La gente se apiñaba en las calles para verlos pasar, pero, sorprendentemente, sin el jolgorio típico de los espectáculos callejeros. Esta vez, ningún niño lanzó verduras podridas ni se oyó ningún insulto. Los romanos se sentían intigrados, incluso temerosos, de aquellos excéntricos que adoraban a un hombre ajusticiado en una cruz.
Aquella mañana, en el recorrido que conducía al circo, sólo se oía el cobarde murmullo del pueblo hablando por lo bajo.
Por fin, la comitiva llegó al imponente Coliseo. Dentro les esperaban unos funcionarios que les cubrieron de pieles de conejo sangrantes para excitar a los perros que les devorarían más tarde.
De esa guisa salió el grupo a la arena. Los gritos estallaron entre la masa hambrienta del espectáculo de la muerte. Fieros canes aguardaban babeando en tres extremos equidistantes del ruedo. Entre el bullicio, un grupo numeroso de espectadores empezó a corear: "¡Muerte a los paganos! ¡Muerte a los paganos!". Era un cántico parecido al de los modernos estadios de fútbol. La palabra "pagano" se refería obviamente a los cristianos, que despreciaban a la vasta colección de dioses romanos.

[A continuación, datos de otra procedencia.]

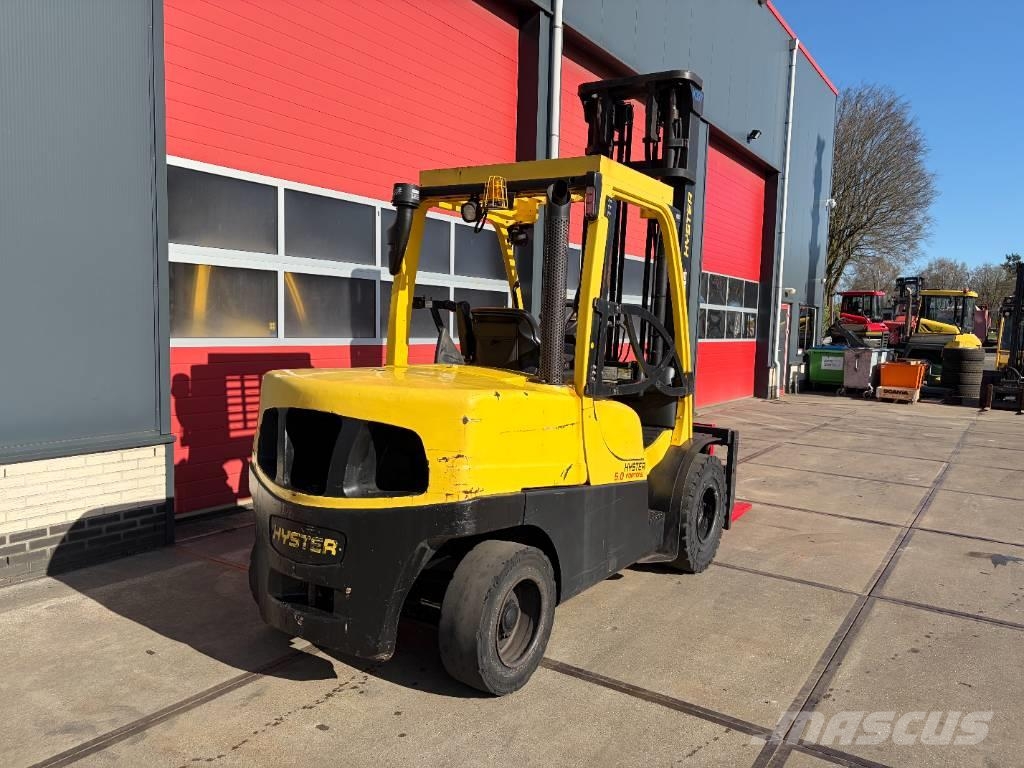 Hyster H5.0FT DIESEL Dyzeliniai krautuvai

Los condenados, entre los que también había niños con los pies encadenados, se dirigieron al centro del coso, como les habían ordenado. En sus posiciones, los perros tiraban de las correas, ansiosos por alimentarse.
Pero mientras los creyentes se dirigían a una muerte segura, se empezó a oír un sonido inaudito: era una melodía de voces que sonaba maravillosamente. Muchos romanos callaron para distinguirla. Se empezó a hacer el silencio y... entonces, de repente, se hizo totalmente audible: eran los propios cristianos que entonaban un cántico. ¡El gentío no daba crédito a lo que estaban presenciando! Aquella gente extraña estaba serena. Es más, sus miradas resplandecían. Algunos se abrazaban como despidiéndose, pero sin lloros ni lamentos.
El responsable de los juegos, Julio Pontio, un hombre obeso y calvo, se hallaba cobijado tras una barrera de madera. Nervioso, miró hacia el emperador y distinguió una expresión de fastidio. Enseguida hizo un gesto a los entrenadores de peroos y gritó:
-¡Soltadlos ya! ¿A qué esperáis, imbéciles?
Y a esa voz, los canes salvajes saltaron en dirección a los cristianos. En cuanto alcanzaron a sus presas, el loco rugido del pueblo encendió de nuevo el circo. Nerón y Julio Pontio respiraron aliviados. Pero el germen de la curiosidad y la admiración estaba ya plantado en la mente del pueblo. No se dejaría de hablar de los cristianos en toda la semana.